Cleopatra (1912)
released 13th November 1912
Cast:

Helen Gardner

Pearl Sindelar

Miss Fielding

Miss Robson

Helene Costello

Charles Sindelar
Cleopatra (1912)
Drama, History
100m
Helen Gardner Picture Players
Director:
Charles L. Gaskill
Writer:
Charles L. Gaskill

"Reigns supreme over all...The brightest luminary in the motion picture firmament... Helen Gardner in Cleopatra... Sensational box office success"
“Six thousand feet of sumptuous beauty and exquisite art—absolutely a motion picture in a class to itself—a perfect story. One hour and forty minutes of thrilling, dramatic interest—a story of the most remarkable woman in all human history.”
Full-page ad in Moving Picture World
Helen Gardner made a name for herself in several Vitagraph shorts directed by her husband, the writer and director Charles L. Gaskill. In 1912, she and Gaskill left the studio, and together they formed the Helen Gardner Picture Players, with money borrowed from Gardner’s mother. Gardner built an open-air studio at Tappan-on-the-Hudson—although, curiously, she chose not to film any of Cleopatra’s scenes on the river.
Cleopatra was the first film released by the new company. Gaskill directed and wrote the screenplay, adapting an 1890 play by Victorien Sardou, which borrowed from Shakespeare’s Antony and Cleopatra. Although the film's credits don't acknowledge Shakespeare’s contribution, they confirm that “perfect freedom has been exercised in the adaptation.”
The film's very first scene provides evidence of Mr Gaskill's tinkering by introducing a new, curiously annoying character. Pharon is a fisherman so enamoured with Cleopatra that, even though he is romantically involved with one of the queen’s handmaidens, he agrees to forfeit his life in return for ten days of love with her.
Gardner exudes little of the allure one would expect from Shakespeare’s woman of ‘infinite variety’. The only variety in her performance comes when she switches from wildly flailing her arms around to moving slowly, like a cat trying to be invisible. One film historian noted—rather unkindly but not without an element of truth—that she was rather well-upholstered, which means her periodic attempts to project a seductive air of irresistibility sometimes border on the comical.
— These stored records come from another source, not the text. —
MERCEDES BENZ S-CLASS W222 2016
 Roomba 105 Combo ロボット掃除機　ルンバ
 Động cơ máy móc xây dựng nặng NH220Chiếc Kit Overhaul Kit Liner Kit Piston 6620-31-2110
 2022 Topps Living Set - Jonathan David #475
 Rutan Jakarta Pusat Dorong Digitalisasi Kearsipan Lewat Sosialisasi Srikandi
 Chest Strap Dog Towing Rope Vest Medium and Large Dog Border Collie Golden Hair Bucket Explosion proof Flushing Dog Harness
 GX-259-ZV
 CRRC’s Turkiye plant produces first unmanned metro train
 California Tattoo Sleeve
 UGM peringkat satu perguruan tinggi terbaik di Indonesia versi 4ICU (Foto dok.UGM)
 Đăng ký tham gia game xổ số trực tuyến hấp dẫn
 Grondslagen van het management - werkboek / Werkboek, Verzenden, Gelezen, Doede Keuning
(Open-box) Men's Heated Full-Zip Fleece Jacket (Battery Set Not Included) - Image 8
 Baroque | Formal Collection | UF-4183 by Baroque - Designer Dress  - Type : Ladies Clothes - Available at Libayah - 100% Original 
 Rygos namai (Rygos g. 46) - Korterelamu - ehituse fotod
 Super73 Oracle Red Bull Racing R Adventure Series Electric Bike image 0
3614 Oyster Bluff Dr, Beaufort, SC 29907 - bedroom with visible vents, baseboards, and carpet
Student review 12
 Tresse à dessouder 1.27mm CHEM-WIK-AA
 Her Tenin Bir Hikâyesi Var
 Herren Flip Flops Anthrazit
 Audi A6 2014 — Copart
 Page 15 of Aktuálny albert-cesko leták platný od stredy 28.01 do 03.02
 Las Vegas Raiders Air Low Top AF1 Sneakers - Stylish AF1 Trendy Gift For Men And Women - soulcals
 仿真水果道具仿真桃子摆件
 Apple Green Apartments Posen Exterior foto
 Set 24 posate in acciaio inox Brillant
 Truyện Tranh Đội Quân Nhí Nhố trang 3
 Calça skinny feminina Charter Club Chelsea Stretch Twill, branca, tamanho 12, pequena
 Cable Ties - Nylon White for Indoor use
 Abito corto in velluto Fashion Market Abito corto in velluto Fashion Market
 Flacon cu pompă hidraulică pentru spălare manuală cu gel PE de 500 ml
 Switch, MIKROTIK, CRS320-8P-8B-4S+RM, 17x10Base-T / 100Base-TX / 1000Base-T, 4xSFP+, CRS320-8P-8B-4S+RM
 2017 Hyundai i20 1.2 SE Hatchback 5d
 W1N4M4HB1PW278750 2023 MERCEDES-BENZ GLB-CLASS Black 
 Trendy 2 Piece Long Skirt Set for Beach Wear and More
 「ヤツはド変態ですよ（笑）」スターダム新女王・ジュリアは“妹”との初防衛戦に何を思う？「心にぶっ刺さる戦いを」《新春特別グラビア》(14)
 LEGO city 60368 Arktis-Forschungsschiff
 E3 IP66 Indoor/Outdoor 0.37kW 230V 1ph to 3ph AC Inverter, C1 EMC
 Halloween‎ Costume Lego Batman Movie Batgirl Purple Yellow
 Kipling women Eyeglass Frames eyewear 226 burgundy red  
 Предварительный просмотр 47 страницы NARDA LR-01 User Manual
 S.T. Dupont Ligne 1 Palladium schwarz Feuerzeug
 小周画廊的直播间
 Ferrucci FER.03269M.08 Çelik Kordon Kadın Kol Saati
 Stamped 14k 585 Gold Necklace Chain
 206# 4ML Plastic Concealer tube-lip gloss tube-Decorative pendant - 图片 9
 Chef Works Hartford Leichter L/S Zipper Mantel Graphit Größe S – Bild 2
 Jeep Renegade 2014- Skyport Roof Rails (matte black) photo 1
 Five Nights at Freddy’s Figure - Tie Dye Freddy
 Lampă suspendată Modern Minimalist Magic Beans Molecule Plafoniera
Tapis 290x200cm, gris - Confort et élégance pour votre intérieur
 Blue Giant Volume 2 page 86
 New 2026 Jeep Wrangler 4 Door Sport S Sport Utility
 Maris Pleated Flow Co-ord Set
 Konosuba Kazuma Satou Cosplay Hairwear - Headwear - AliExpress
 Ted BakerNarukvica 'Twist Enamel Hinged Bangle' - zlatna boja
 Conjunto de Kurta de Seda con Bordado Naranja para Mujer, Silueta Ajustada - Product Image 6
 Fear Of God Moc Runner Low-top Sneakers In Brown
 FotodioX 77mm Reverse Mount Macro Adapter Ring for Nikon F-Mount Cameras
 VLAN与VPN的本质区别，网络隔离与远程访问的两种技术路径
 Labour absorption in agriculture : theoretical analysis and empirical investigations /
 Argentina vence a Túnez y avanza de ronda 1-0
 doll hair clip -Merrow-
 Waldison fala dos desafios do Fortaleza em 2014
But love is blind, and Pharon is besotted—as is Marc Antony, literally seconds after meeting her.

Charles L. Gaskill

Mr Howard and Helen Gardner in Charles L. Gaskill's Cleopatra (1912)
Somehow, Pharon survives the entire movie, despite accepting Cleopatra's offer, receiving a death sentence, and taking an arrow in the chest. As anyone familiar with the tale will know, few of the other characters are so fortunate. However, Gaskill’s theatrical presentation means it takes forever for them to meet their fates. At least the film as it exists today, in a version restored by TCM and the George Eastman House, runs a merciful 14 minutes shorter than the original. Every second of film lost is a tragedy, but still….
Gaskill shoots almost every scene with a static camera from a distance, as if filming a stage play from a seat in the audience. There are no close-ups, and the characters barely stray from their marks. Cleopatra and Antony's first meeting lasts almost ten minutes; Gaskill appears to have shot it in a single take, although the insertion of intertitles—all non-Shakespearean—makes it impossible to be sure. The sets and costumes are at least decent; the mysterious Madame Stippange, whose only screen credit this is, became the first costume designer to receive a screen credit.
Although Cleopatra looks very dated today, it was an enormous success upon its release, attracting fulsome praise from critics. Lewis Reeves Harrison considered Gardner’s performance to “rank as one of the greatest ever shown on the screen up to the present time.” The New York Dramatic Mirror hailed the production “Probably the most stupendous and beautiful picture ever produced.” In Britain, the film ran for three weeks at the Theatre de Luxe on The Strand. Gardner's production company sold territorial rights in Russia, Germany, Austria, Switzerland, Romania, Italy, Belgium, and Australia. Sadly, Quebec’s censors banned it for being “too voluptuous for the general public.”
The film even earned Gardner a reputation as the screen’s first vamp. While this epithet might be a trifle generous, Gardner was without doubt a trailblazer. She became the first star to form their own production company, beating Florence Lawrence by weeks, and among the first American filmmakers to produce a feature-length film. However, despite releasing several films under the Helen Gardner Picture Players banner, the company folded, and she briefly returned to Vitagraph. Despite re-releasing Cleopatra with additional scenes to coincide with the release of Theda Bara’s version in 1917, she failed to repeat her earlier success, and both her and Gaskill’s film careers were over by the mid-1920s.